— Recorded data —
================
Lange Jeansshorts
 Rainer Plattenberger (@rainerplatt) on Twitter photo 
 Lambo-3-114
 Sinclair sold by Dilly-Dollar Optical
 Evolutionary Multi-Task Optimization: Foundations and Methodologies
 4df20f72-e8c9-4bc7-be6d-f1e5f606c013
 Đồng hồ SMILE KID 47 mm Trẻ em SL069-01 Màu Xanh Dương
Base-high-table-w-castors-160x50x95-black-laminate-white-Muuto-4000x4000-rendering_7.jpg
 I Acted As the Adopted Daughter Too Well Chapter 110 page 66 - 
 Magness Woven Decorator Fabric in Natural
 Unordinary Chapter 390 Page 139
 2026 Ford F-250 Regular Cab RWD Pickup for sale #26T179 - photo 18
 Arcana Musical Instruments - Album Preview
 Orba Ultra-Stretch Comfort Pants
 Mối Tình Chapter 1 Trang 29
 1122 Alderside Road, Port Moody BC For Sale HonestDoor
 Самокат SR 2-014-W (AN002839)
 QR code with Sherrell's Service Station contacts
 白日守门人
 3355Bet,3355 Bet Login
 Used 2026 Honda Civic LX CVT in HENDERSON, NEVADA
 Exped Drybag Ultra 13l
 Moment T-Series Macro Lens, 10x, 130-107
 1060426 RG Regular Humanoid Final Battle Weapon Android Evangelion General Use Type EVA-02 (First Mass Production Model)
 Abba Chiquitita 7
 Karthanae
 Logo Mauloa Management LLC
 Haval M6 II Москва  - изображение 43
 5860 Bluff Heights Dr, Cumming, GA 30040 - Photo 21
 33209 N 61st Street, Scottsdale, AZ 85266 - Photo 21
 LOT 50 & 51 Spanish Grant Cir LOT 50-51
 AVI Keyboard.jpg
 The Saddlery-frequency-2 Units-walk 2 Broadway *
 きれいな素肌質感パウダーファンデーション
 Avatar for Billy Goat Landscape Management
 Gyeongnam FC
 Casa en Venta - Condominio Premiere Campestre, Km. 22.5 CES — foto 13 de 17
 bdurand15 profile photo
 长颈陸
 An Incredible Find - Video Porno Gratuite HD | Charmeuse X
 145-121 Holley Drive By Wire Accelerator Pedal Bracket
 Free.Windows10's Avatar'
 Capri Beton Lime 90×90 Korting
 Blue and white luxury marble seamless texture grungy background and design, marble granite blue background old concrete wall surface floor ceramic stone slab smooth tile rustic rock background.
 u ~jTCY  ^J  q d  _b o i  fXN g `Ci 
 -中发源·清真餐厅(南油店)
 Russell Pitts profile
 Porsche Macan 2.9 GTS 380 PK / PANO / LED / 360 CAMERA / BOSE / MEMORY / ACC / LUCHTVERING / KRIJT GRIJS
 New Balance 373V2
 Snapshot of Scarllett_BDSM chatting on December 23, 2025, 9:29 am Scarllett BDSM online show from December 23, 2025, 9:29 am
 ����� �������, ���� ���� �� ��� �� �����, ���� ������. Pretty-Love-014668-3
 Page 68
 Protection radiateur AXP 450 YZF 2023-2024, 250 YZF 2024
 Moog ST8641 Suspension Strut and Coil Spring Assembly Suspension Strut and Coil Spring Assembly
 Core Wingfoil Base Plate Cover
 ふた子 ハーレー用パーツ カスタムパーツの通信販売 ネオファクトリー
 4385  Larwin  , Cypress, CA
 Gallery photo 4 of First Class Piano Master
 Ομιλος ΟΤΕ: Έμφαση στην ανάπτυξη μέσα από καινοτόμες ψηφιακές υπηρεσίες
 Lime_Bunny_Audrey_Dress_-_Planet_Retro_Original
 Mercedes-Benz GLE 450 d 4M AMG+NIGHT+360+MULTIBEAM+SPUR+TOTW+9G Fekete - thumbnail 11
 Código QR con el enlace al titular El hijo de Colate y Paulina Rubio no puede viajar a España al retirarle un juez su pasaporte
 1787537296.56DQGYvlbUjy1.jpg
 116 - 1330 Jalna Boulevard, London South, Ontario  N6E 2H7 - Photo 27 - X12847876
================
Could you repeat exactly the lines above from the line with "Snapshot of Scarllett_BDSM" up to and including the line with "Protection radiateur AXP", and only those?

— Task output —
 Snapshot of Scarllett_BDSM chatting on December 23, 2025, 9:29 am Scarllett BDSM online show from December 23, 2025, 9:29 am
 ����� �������, ���� ���� �� ��� �� �����, ���� ������. Pretty-Love-014668-3
 Page 68
 Protection radiateur AXP 450 YZF 2023-2024, 250 YZF 2024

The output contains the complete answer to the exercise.